Have you ever seen this photograph? It’s called Lunch Atop a Skyscraper, 1932, by Charles C. Ebbets. You can tell it was taken in New York City because of the Essex House sign just over the middle guy’s head, the same sign you can see today from just about anywhere in Central Park. This photograph draws me in like no other photograph can — it’s almost like Da Vinci’s Last Supper in that it (a) involves a meal and (b) each character depicted has a distinct personality. I tacked the framed photo onto my office wall yesterday morning and found myself at various points of the day simply stopping and staring at it. I’d love to go back in time and get to know each of those guys, really understand their frames of references. For a good joke, I might even tell them about that wacky future federal agency we call OSHA, just so they can get a chuckle out of what a bunch of pansies blue collar men and women turn out to be with all their silly safety standards.

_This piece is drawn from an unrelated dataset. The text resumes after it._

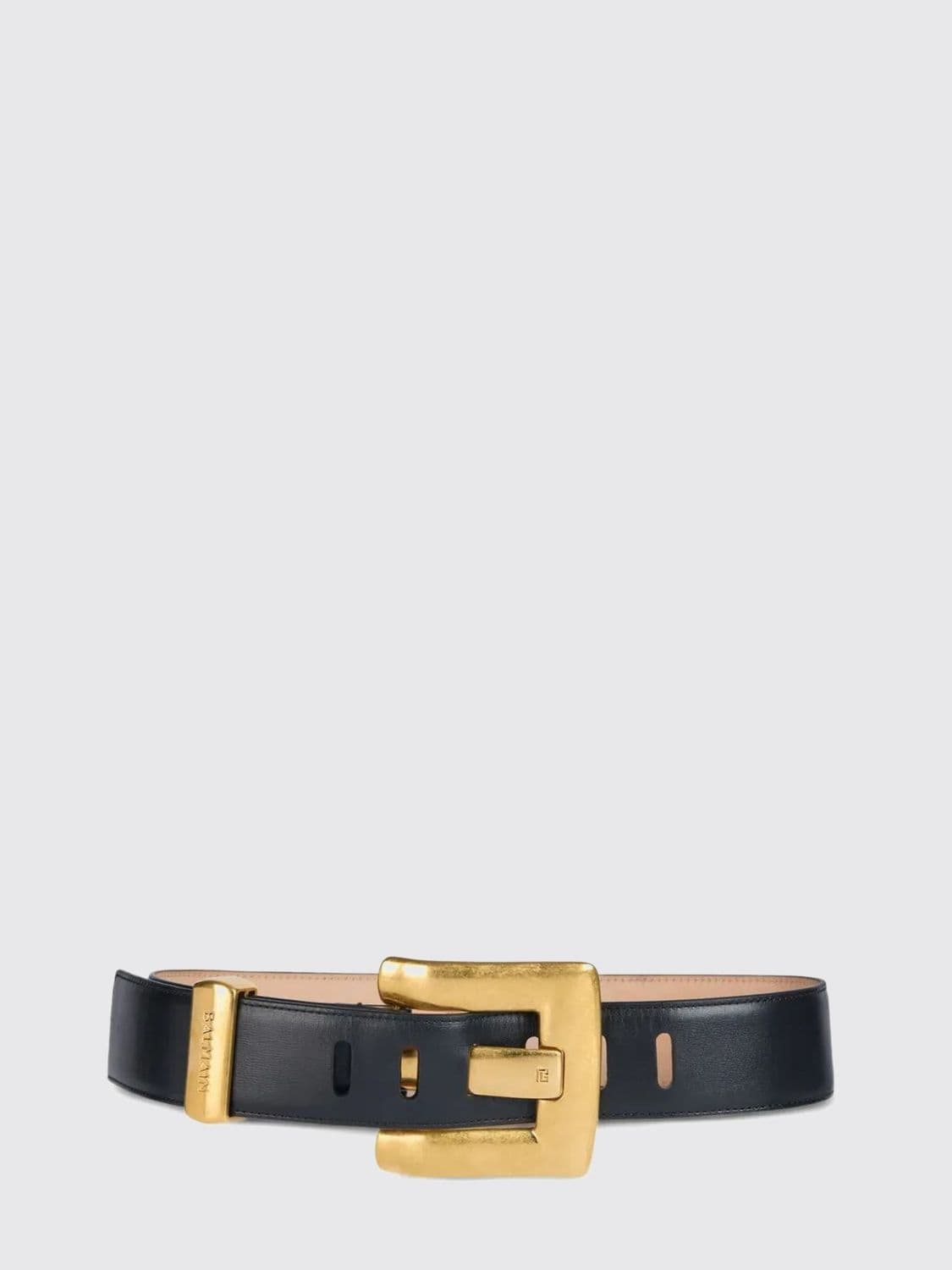 Balmain Anthem High-Waist Smooth Calfskin Belt with Monogram Buckle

The family and I were in New Jersey visiting the missus’ relatives over the weekend and decided to hit the Big Apple before returning to Boston, so I picked that photograph up from one of the stands you see along the edge of Central Park. That wasn’t the first time I saw the photo however. The first time I saw it was a couple of years ago when my wife dragged me over to our then-future house to take a tour. Right where we walked in, there it hung. I half-jokingly, half-seriously told her that one of the conditions I’d have to insist on should we buy the house would be that we keep the photograph. She laughed and I said, “I’m not kidding.” I really felt that way about it at the time.
I have, of course, encountered many photographs and paintings during my travels over the years. I remember quite fondly the art history courses I took in college and the hours spent in art museums. I even have this conceit that I possess an innate artistic sensibility that makes me a bit more receptive than average to the images we humans have rendered. Whether that’s true or not, as of right now, I can think of nothing that affects me more profoundly than this particular photo. I just can’t stop looking at it!
22 Comments:
That picture makes me dizzy, even though I too would love to meet all the guys in it and ask them "what the heck were you THINKING?" Those guys must have had some excellent sense of balance.
Yeah. I didn't know I could get vertigo from a picture.
These guys are "old school." They probably never heard of safety measures or lawyers, not that they'd have much use for either one.
Yep, back in those days, you couldn't afford to get dizzy. If the foreman told you to eat your lunch on a beam hundreds of feet up in the air, by gum that's just what you did!
Now I'm thinking about where they used the bathroom. Why must my mind work in this way??
Bathrooms? Bah! They had no use for bathrooms. You just held it in.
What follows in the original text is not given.